There’s still money in news – eBay Founder

Pierre Omidyar, after making billions with eBay, is focused on news.

News? What – There’s no money in news. Everyone knows that.

Apparently one billionaire doesn’t realize it. Or he knows something we don’t and Google does.

Pierre Omidyar is doing a for-profit News Start-up

It’s called Peer News and it launches in early 2010. It’s focused on local civic journalism.

Why For-Profit?

Because it can be done.

This is what a Boston Consulting Group survey found -

72% of US respondents were willing to pay for unique news such as local news.

This is what Mr. Omidyar writes -

We believe that a strong democracy requires an engaged society supported by effective news reporting and analysis. And, we believe that this can be done in a profitable, sustainable way.
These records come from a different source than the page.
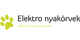 Elektro-Nyakorvek.hu Elektro-Nyakorvek.hu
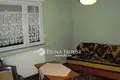 Haus 160 m² Tardos, Ungarn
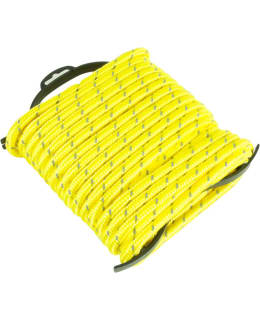 PROCAT ROPE REFLECTIVE YELLOW Main Image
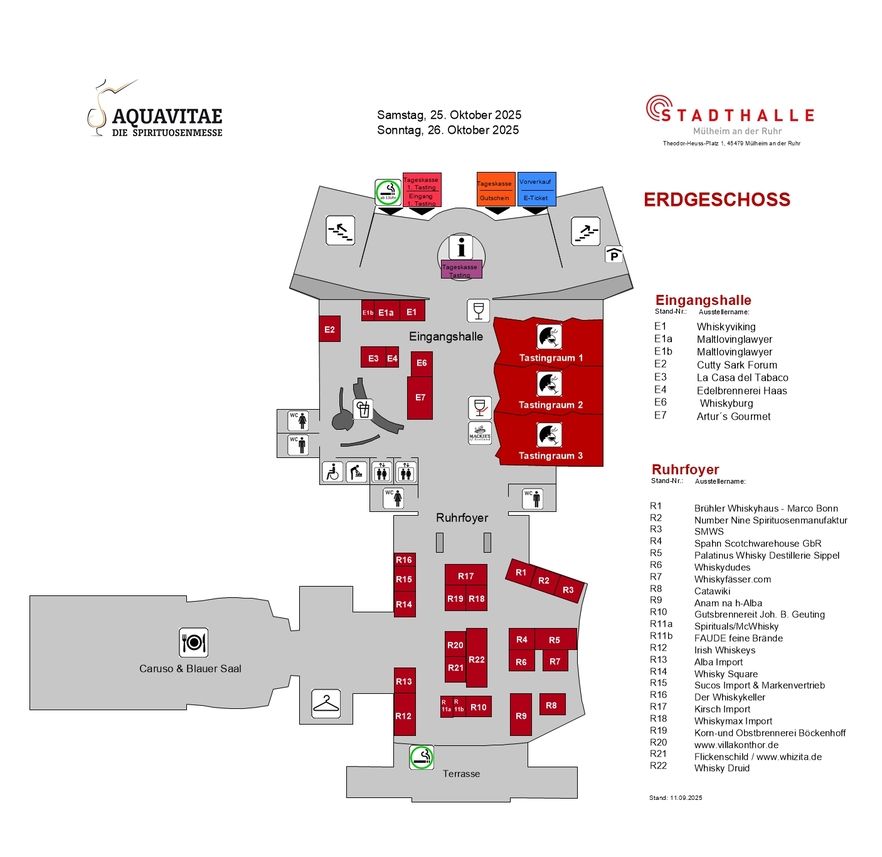 SH Aquavitae 2025_Web-Pläne EG_Stand 12.09.2025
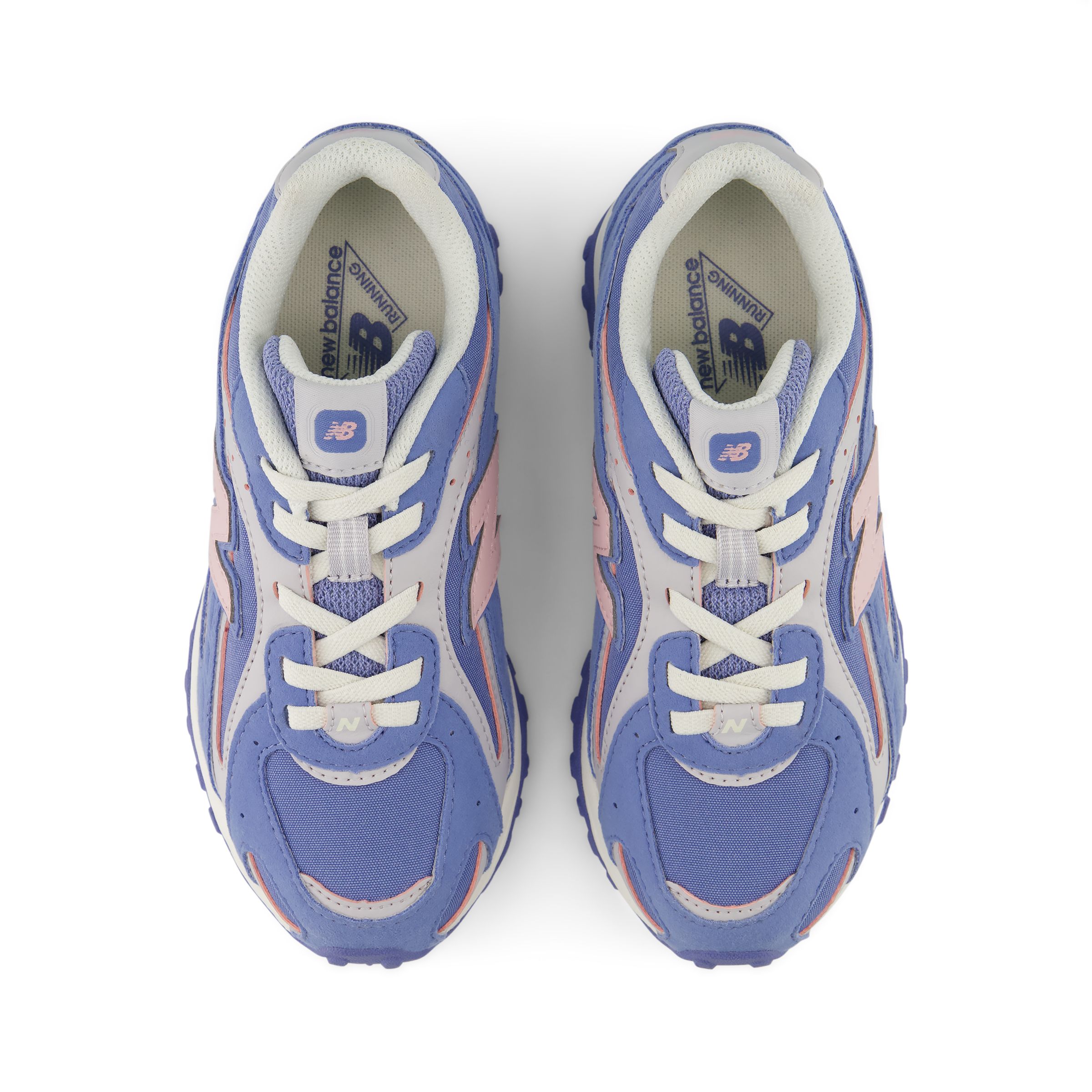 204L Bungee Lace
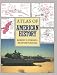 Book Atlas of American History
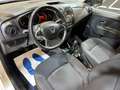 Dacia Sandero 1.0 sce 75cv * NEOPATENTATI * Bianco - thumbnail 8
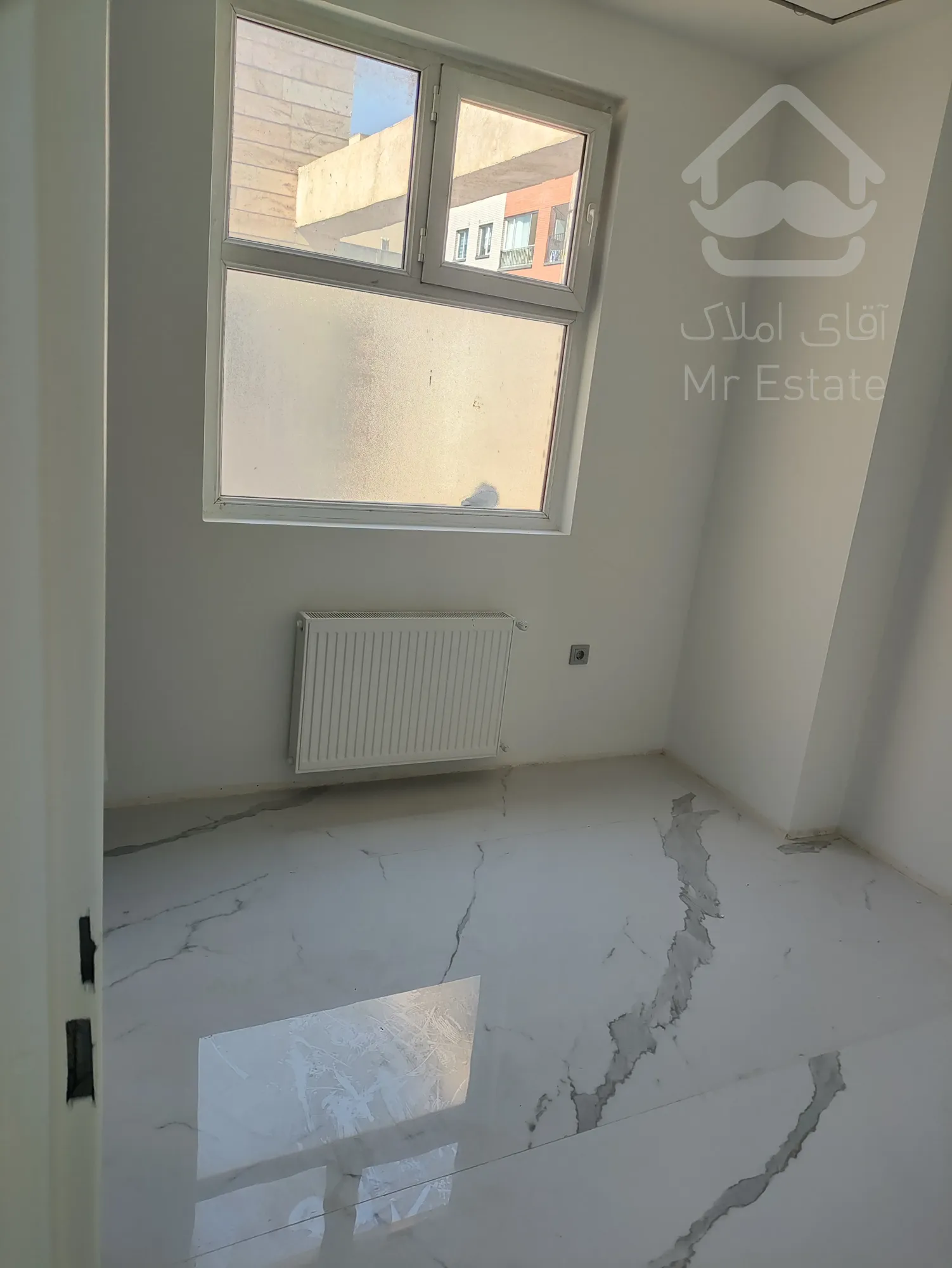 فروش آپارتمان 63 متری نقلی بهار شمالی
Howard Weaver, who’s part of the brain-trust, puts it this way -

 the new venture intends to demonstrate that a digitally native, technologically fluent web organization can profitably serve targeted readers who want sophisticated journalism focused on local civic affairs.

Is there money in local news?

Yes.

It should be painfully obvious to anyone who wants to find clients or businesses near where they live or work that local news and local services are a HUGE source of revenue.

There are lots of restaurants, lawyers, real estate agents, and doctors who will gladly pay you a 10% to 20% finders fee for hooking them up with new clients in their city/zip code/neighbourhood.

It’s why Google is providing free turn by turn navigation. So they can point you to restaurants and gas stations that they make money from.

Why are newspapers not making money?

It’s so simple that they can’t see it.

  • People come to a newspaper for news or for information about something they want.
  • Newspapers try to sell them something else – something they don’t want.

Newspapers should link them to what they want and make money off of that. Also,

The more niche you go – whether it is narrowing down by locale or by interest, the more money you can make.

When a reader comes to you for movie reviews and showtimes – provide a review and then link them to the theater. Take 10% from the theater.

Don’t show them advertisements for DVDs and then wonder why only 1% of people click.

User Intent Vs Newspaper Perception

When users come to newspapers or a site there are two competing forces -

  1. What a user is looking for and wants to do.  
  2. What the site/newspaper site is trying to get the user to do.

In an ideal world newspapers would be -

  1. Selling News i.e.  letting people pay for what they want.
  2. Routing users to where they want to go and what they want to do (and taking a cut).

In the worst case scenario, newspapers would -

  1. Neither make money off of news content.
  2. Nor take a cut off of where users are naturally going.
  3. Newspapers would try to force users to do something users had no intention of doing.

This is exactly what newspapers are doing. That is why you have 1% and 2% click-throughs on newspaper advertisements.

The saying about You can take a horse to the water but you can’t make it drink.

Well, on the Internet people are already looking to drink and newspapers can’t understand that all they have to do is take the horse to the water.